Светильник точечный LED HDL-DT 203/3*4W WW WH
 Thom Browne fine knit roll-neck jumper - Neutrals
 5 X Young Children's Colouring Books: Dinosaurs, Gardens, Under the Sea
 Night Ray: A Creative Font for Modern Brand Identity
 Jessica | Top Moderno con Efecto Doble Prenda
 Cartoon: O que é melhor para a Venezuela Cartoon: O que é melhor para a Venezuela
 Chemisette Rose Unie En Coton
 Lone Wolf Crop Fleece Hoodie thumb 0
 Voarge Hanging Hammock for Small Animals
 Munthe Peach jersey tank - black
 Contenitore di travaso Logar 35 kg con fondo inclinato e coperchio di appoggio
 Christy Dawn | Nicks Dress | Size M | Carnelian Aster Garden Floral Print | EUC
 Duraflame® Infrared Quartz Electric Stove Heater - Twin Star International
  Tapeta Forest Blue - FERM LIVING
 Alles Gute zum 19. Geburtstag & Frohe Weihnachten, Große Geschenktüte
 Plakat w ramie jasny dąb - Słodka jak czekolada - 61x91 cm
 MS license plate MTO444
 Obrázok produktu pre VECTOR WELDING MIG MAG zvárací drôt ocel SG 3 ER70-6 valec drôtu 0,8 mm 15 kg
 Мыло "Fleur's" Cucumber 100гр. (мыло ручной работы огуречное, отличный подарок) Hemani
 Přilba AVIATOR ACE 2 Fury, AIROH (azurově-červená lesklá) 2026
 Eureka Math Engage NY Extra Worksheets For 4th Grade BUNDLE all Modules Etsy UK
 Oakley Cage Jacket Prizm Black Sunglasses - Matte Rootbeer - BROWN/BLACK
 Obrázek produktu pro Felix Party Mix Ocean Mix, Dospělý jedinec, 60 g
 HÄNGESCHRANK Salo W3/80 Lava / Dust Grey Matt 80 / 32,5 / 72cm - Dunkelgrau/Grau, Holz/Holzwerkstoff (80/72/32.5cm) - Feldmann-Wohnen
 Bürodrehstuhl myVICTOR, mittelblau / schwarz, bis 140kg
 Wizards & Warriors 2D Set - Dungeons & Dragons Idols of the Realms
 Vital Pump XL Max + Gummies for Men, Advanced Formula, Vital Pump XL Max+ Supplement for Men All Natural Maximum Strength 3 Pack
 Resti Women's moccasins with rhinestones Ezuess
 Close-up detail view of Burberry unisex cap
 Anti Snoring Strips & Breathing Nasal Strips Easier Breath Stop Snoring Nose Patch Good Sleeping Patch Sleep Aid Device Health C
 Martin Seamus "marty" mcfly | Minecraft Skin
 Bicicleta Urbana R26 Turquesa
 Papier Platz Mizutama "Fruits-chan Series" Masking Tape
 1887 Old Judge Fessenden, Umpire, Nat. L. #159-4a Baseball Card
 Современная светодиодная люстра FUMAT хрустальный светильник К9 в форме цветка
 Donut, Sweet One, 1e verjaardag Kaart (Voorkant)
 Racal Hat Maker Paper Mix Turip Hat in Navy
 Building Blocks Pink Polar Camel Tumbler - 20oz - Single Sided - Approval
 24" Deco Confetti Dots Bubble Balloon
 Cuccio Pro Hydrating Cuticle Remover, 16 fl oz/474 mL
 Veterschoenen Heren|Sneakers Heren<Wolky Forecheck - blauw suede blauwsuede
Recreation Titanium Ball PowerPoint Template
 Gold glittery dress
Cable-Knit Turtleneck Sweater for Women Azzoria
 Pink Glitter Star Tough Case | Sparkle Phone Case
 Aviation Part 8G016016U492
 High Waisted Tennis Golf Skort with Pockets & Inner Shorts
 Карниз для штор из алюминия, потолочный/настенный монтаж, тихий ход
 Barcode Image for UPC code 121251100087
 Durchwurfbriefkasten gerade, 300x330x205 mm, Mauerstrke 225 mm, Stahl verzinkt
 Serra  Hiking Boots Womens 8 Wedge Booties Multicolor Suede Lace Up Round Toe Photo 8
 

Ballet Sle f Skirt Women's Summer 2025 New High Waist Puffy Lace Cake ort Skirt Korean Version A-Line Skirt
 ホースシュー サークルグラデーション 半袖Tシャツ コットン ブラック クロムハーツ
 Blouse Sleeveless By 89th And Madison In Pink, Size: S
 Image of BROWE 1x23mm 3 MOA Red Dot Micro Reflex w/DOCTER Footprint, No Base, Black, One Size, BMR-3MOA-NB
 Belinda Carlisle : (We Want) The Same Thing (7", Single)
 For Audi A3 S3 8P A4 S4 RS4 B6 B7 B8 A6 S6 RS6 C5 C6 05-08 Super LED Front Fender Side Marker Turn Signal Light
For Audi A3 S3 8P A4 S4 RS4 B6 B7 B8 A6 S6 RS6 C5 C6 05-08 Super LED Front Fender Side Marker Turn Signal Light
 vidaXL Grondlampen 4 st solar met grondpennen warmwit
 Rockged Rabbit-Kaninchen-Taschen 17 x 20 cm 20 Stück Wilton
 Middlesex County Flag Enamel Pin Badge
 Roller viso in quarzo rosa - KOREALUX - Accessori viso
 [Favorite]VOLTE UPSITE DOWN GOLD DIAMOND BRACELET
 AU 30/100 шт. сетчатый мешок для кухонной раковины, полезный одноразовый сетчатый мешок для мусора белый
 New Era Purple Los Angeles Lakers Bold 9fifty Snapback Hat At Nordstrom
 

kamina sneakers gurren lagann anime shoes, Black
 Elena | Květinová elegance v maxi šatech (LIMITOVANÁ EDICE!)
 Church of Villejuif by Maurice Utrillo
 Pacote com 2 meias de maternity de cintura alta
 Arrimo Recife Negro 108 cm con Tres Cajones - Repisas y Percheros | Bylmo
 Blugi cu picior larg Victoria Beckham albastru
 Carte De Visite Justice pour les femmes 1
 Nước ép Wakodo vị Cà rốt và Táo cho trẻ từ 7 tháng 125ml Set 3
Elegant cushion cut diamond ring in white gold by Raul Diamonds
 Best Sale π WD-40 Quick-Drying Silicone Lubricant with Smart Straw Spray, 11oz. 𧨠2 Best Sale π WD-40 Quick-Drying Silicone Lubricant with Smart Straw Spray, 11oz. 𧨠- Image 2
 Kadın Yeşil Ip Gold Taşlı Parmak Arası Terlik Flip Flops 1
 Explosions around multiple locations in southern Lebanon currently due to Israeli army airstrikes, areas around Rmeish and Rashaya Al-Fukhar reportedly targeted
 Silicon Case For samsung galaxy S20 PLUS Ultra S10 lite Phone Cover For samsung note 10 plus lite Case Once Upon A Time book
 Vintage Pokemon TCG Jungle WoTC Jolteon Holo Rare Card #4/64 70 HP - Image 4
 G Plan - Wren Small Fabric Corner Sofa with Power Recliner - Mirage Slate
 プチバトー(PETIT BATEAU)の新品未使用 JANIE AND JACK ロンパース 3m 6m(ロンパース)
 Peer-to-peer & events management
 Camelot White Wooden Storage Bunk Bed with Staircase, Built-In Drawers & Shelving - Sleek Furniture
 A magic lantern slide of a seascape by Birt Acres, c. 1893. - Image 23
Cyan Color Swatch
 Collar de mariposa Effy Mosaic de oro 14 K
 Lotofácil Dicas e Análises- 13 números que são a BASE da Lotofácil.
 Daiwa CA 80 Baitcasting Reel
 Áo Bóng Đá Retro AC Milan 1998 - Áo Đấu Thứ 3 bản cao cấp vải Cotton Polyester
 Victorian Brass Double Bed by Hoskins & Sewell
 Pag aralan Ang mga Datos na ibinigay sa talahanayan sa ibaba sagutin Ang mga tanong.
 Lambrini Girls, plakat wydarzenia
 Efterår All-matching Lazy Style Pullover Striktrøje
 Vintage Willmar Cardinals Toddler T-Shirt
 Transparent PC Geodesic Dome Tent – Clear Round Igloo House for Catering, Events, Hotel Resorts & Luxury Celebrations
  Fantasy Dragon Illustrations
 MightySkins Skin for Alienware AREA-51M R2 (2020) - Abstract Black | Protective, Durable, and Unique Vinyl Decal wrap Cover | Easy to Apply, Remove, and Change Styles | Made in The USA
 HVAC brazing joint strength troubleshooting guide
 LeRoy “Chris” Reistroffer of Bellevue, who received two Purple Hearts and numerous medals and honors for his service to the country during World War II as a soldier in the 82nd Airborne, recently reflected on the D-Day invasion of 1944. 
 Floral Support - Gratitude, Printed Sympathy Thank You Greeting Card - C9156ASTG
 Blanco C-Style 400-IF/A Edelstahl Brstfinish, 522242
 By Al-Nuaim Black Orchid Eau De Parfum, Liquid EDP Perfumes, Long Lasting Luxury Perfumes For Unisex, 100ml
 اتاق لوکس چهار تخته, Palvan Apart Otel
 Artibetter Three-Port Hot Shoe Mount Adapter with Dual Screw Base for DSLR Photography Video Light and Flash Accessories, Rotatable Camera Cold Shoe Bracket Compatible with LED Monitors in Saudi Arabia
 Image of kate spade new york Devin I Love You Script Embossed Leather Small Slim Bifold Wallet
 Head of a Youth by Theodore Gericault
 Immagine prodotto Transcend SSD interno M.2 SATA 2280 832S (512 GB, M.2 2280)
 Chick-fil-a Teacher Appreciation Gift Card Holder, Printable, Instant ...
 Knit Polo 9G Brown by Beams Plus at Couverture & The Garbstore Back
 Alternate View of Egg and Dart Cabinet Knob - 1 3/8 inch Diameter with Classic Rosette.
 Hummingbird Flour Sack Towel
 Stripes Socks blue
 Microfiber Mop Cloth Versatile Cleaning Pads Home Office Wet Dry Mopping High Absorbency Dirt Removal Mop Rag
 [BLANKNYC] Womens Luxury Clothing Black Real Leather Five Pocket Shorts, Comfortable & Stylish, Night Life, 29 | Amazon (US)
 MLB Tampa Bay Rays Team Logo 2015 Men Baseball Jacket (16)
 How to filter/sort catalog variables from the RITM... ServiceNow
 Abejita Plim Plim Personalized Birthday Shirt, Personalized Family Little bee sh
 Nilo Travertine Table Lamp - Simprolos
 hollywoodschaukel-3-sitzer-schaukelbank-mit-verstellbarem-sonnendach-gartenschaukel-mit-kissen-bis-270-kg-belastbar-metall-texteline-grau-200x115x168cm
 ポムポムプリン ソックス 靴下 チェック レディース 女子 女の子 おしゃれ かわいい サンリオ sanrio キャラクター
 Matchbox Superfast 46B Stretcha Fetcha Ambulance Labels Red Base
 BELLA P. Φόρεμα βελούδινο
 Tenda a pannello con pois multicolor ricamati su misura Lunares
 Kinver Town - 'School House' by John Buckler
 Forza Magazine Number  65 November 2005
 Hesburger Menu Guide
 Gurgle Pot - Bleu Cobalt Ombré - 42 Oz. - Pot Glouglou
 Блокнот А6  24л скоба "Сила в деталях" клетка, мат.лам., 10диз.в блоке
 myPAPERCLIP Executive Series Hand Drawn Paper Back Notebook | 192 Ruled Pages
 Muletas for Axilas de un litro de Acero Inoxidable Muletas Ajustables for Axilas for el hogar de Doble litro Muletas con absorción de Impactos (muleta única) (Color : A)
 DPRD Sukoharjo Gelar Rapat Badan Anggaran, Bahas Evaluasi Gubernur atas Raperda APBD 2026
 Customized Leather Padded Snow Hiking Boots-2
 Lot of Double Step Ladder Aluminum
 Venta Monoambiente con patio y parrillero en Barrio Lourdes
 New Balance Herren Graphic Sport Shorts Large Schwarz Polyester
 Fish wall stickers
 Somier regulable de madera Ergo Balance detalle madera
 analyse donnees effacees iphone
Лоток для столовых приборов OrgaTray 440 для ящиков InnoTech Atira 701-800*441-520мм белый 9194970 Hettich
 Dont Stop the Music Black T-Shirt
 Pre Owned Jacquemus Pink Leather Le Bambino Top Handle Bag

TASK DESCRIPTION: Reproduce verbatim the lines above, from the line with "[Favorite]VOLTE UPSITE DOWN" through the line with "Elena | Květinová".

RESULT FOR THIS EXERCISE:
 [Favorite]VOLTE UPSITE DOWN GOLD DIAMOND BRACELET
 AU 30/100 шт. сетчатый мешок для кухонной раковины, полезный одноразовый сетчатый мешок для мусора белый
 New Era Purple Los Angeles Lakers Bold 9fifty Snapback Hat At Nordstrom
 

kamina sneakers gurren lagann anime shoes, Black
 Elena | Květinová elegance v maxi šatech (LIMITOVANÁ EDICE!)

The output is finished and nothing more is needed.